Data supplied:
▬▬▬

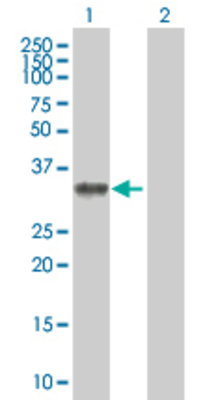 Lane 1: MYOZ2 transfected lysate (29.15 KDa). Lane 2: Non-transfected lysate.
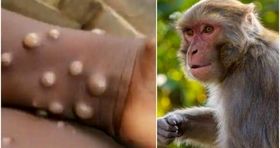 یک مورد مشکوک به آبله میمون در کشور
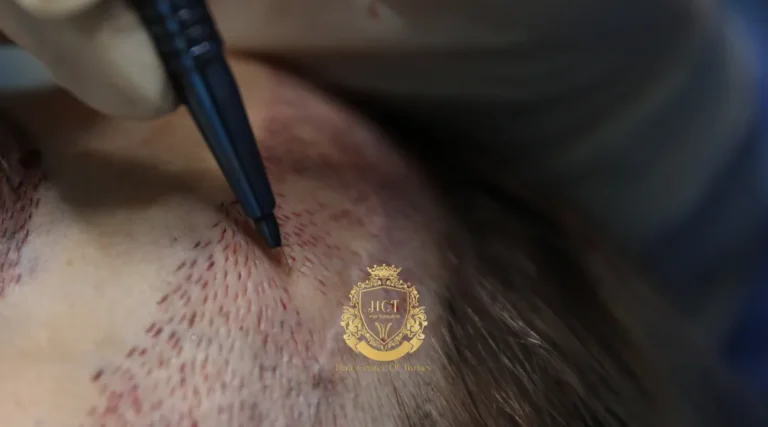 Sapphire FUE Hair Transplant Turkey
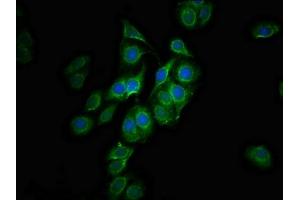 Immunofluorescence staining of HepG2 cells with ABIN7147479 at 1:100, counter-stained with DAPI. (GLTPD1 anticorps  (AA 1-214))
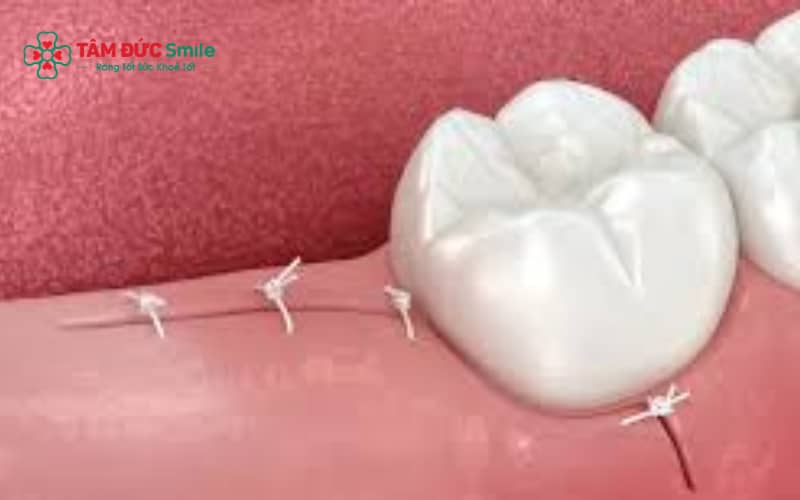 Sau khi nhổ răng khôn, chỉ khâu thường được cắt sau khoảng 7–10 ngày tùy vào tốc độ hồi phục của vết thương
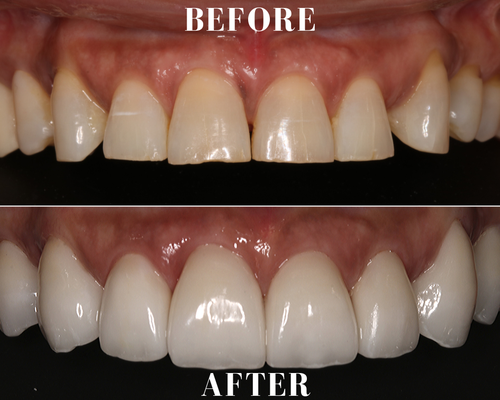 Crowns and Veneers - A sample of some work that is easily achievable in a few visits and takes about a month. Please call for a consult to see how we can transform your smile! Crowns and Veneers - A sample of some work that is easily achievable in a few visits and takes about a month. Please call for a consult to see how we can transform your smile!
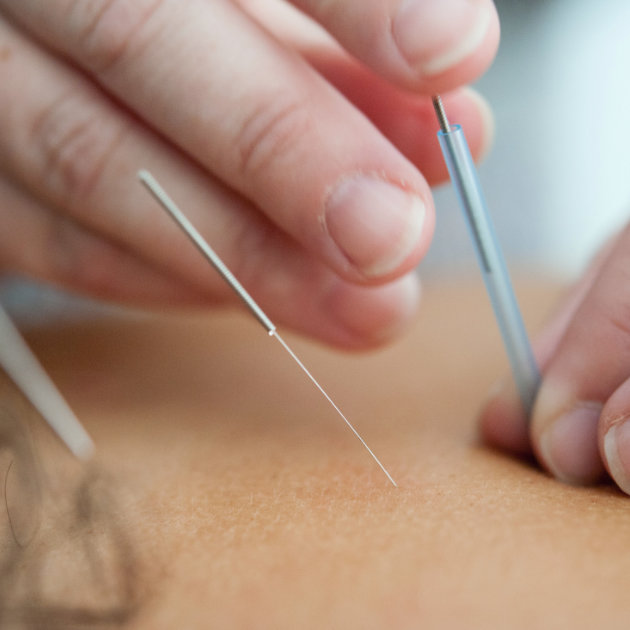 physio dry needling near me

▬▬▬

Task item:
Give again, unchanged, only the lines from the line containing "یک مورد مشکوک به آبله میمون در کشور" to the last line of the records above. Pictures do not belong in the copy.

Answer:
 یک مورد مشکوک به آبله میمون در کشور
 Sapphire FUE Hair Transplant Turkey
 Immunofluorescence staining of HepG2 cells with ABIN7147479 at 1:100, counter-stained with DAPI. (GLTPD1 anticorps  (AA 1-214))
 Sau khi nhổ răng khôn, chỉ khâu thường được cắt sau khoảng 7–10 ngày tùy vào tốc độ hồi phục của vết thương
 Crowns and Veneers - A sample of some work that is easily achievable in a few visits and takes about a month. Please call for a consult to see how we can transform your smile! Crowns and Veneers - A sample of some work that is easily achievable in a few visits and takes about a month. Please call for a consult to see how we can transform your smile!
 physio dry needling near me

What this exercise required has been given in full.